William Cran was a rising star of documentary television when David Fanning, a Boston-based producer, asked him to join a new project in 1977. At 32 years old, he had already produced about 100 short films and 15 longer documentaries in 21 countries across four continents, covering everything from Saudi Arabia’s oil rush to the fitful end of Portugal’s empire.
The new programme was called World. It aimed to distil global trends and eventually morphed into PBS’s Frontline, the award-winning documentary series. Fanning wanted Cran to produce a film about an impoverished 83-year-old Indian clerk, whose tale illustrated life on the subcontinent.
Cran arrived in Delhi without a script, story or any filming locations in mind, but had an ample budget and confidence in his talents. “We’ll simply have to fly by the seat of our pants all the way,” he said before setting out. The resulting documentary, made with the writer Ved Mehta, won a duPont-Columbia award, American broadcasting’s equivalent of the Pulitzer prize.

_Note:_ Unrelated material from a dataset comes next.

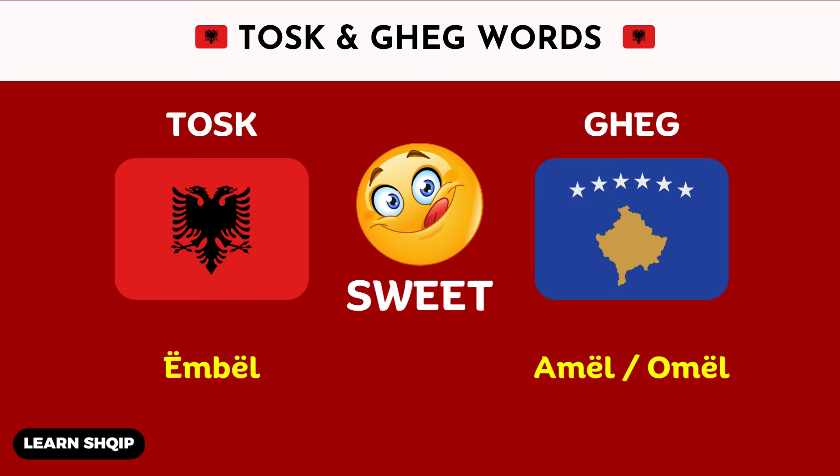Then we have the word sweet, or the adjective sweet. In the Tosk dialect, you are going to say Ömbel. And then in Geg, you are also going to say Ömbel.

Cran would produce more than 20 films for Frontline, ranging from the Black Hawk Down incident in Somalia and sexual abuse of migrant workers to a study of Jesus Christ, which The New York Times called “a revelation of what television can be”. For the series he also made a film about the drug lord Pablo Escobar. Years later, parts of the Escobar film were reproduced by the Netflix series Narcos.
Across these different subjects, Cran displayed a remarkable ability to gain access to his interviewees and get them to open up. “When people see that the camera is turned on, they start behaving like their real selves,” he said. “All the dead, superficial stuff falls off.”
Cran had a knack for finding compelling storylines to animate his subjects. On the surface, these could appear dry. One example is Commanding Heights, a six-hour-long PBS series that charted the rise of free market economics, world trade and globalisation, based on the book of the same name by Daniel Yergin and Joseph Stanislaw. For it, Cran went to villages to capture the impact of economic change on ordinary people.
He also explored the relationship between Friedrich Hayek, the champion of modern free-market economics, and John Maynard Keynes, who called for government intervention in markets. During the Second World War the pair, whose battle of ideas shaped the 20th century, wound up on the roof of King’s College, Cambridge, as air wardens watching for German bombers.
In The Story of English, a nine-parter that was broadcast on the BBC in 1986, he studied how a language became the world’s common tongue. The BBC2 controller who commissioned the series thought it should be a radio programme, since it lacked obvious visual elements. “He didn’t think there was anyone bright enough to make it work, apart from one person — and that was Bill,” said Robert McCrum, an editor at Faber who worked on the series.
In Cran’s hands, the subject came alive. Over three and a half years, the team interviewed Californian surfers, Caribbean poets, west African chiefs and Indian scribes. The series treated English as a vibrant, living language that has evolved across diverse cultures and eschewed the dry terms of philology tutorials.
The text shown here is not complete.